Tips to take a recipe from good to great

By Meredith Deeds, Star Tribune
Published: February 28, 2024, 5:58am

Imagine working hard on a dish for dinner. You’ve chopped, sliced, sautéed and simmered and the aroma of what will surely be a culinary masterpiece fills your home. Then you taste it. Is it good? Yes. Is it great? No.

While good is nothing to scoff at, it often takes very little effort to transform a dish into something great — if you know how to build the flavors.

I’m not talking about adding a lot of extra ingredients, although sometimes the addition of one or two helps. I’m talking about understanding those ingredients, as well as culinary techniques, and using them to layer and deepen the essence of a dish.

Making sure to adequately sear meat or toast spices can have a huge impact. Deglazing a pan or properly caramelizing onions is also key. Reducing liquid or adding a touch of acid instead of another pinch of salt can be instrumental in turning a flat, dull dish into a bright orchestra of flavors.

There are many, many ways to build flavor and, although I don’t use them all in this week’s Creamy Roasted Mushroom Soup, I do employ a few. This dish is a great illustration of how to take a basic recipe and transform it into something special by utilizing a few simple techniques and a couple of key ingredients.

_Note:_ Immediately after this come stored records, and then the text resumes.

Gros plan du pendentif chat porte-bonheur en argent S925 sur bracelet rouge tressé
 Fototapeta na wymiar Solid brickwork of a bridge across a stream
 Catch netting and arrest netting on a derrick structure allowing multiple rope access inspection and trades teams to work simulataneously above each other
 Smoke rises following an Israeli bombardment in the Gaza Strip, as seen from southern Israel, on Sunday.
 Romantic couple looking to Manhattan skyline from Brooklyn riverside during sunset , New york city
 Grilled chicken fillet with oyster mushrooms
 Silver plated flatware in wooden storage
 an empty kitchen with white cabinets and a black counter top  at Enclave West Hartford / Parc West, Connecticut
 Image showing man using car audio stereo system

One of those ingredients is dried porcini mushrooms. Dried porcinis are a powerhouse of nutty, woodsy mushroom flavor. By reconstituting them in hot water, you get to use the mushrooms as well as the soaking liquid, ensuring that you don’t miss a drop of mushroom goodness.

Of course, we don’t stop with dried mushrooms. We also use two kinds of fresh mushrooms, cremini and shiitake, which we slice and roast until their flavors have concentrated.

Next, we sauté shallots and garlic, and deglaze that pan with a little white wine, making sure to scrape up all the deliciously browned bits on the bottom.

All of these ingredients are then combined and allowed to simmer just long enough to marry their flavors before blitzing them into silky perfection in a blender and stirring in a generous dose of cream.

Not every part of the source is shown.